§ **Information provided**
⁂
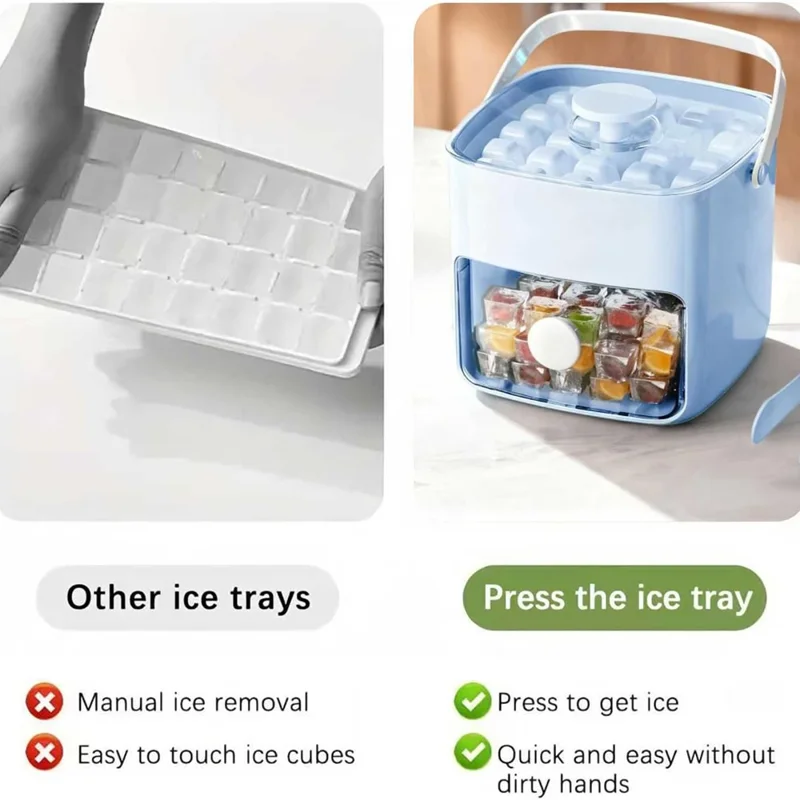 Molde para hielo de doble capa con 48 cavidades, sistema de pulsación y cajón de almacenamiento, bandeja portátil para cubitos de hielo (sin BPA, sin FDA) - Azul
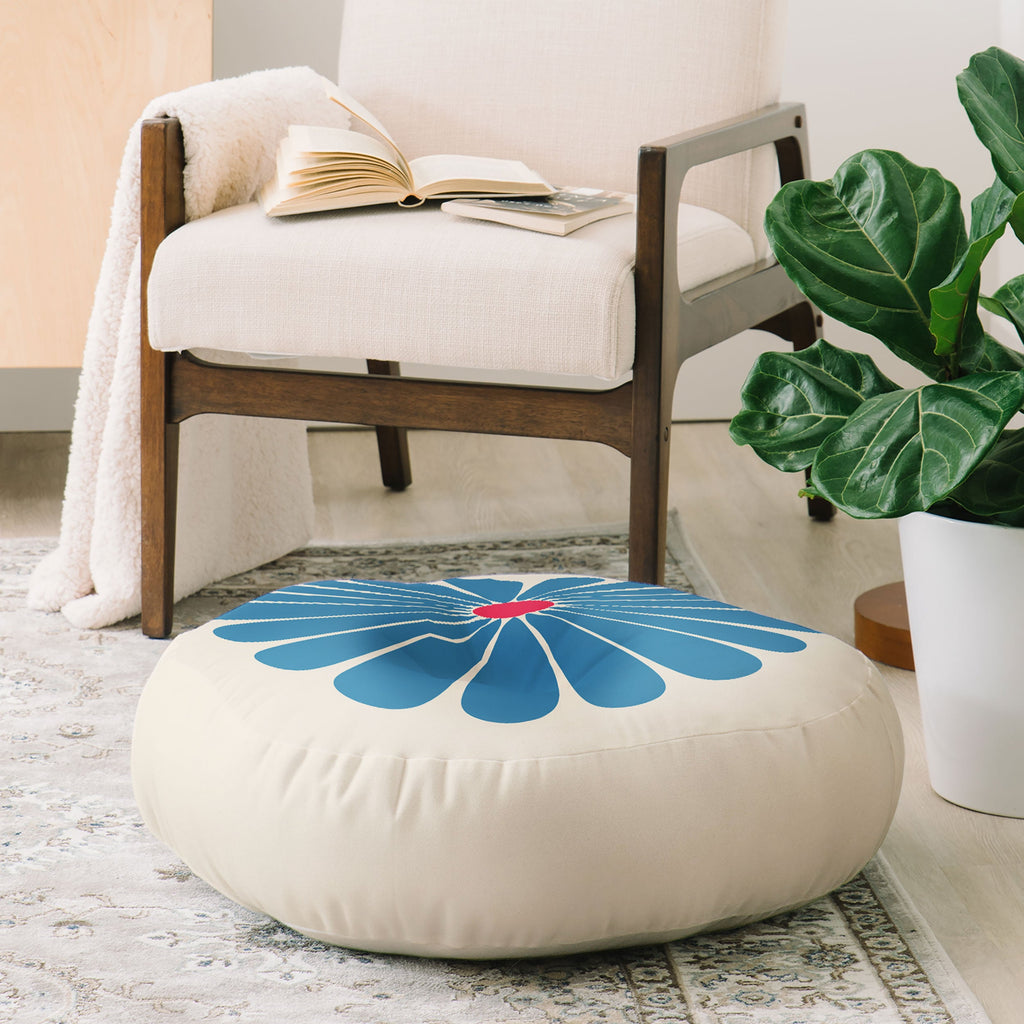 Colour Poems Retro Daisy Multicolor II Floor Pillow Round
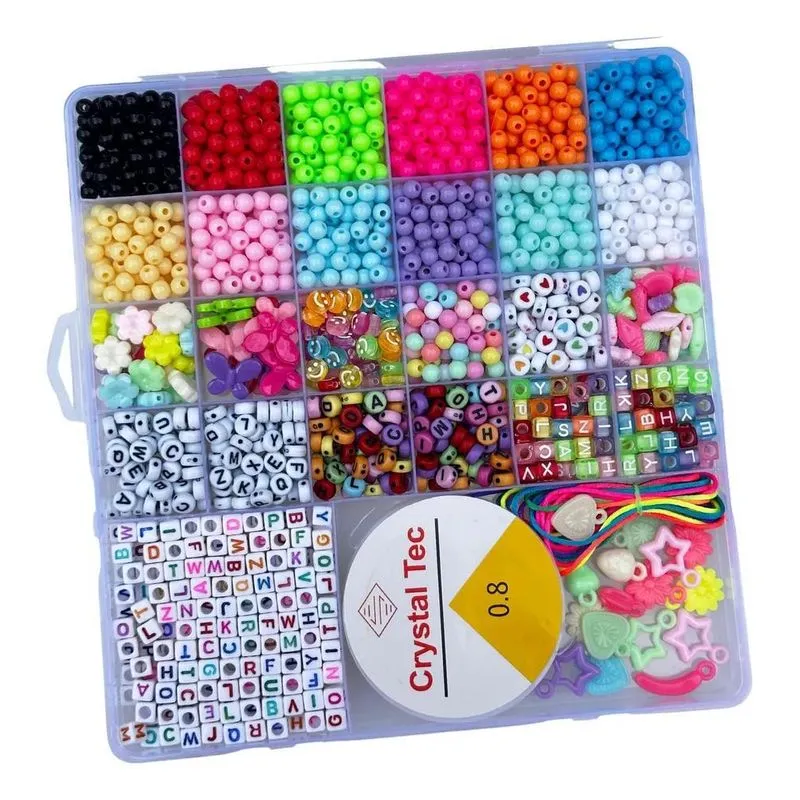 Kit Miçangas Para Fazer Pulseira Infantil Bijuteria 1 Colori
⁂
§ **Requirement**
The task requires the full listing to be given again verbatim, without its pictures.

§ **Answer to the problem**
 Molde para hielo de doble capa con 48 cavidades, sistema de pulsación y cajón de almacenamiento, bandeja portátil para cubitos de hielo (sin BPA, sin FDA) - Azul
 Colour Poems Retro Daisy Multicolor II Floor Pillow Round
 Kit Miçangas Para Fazer Pulseira Infantil Bijuteria 1 Colori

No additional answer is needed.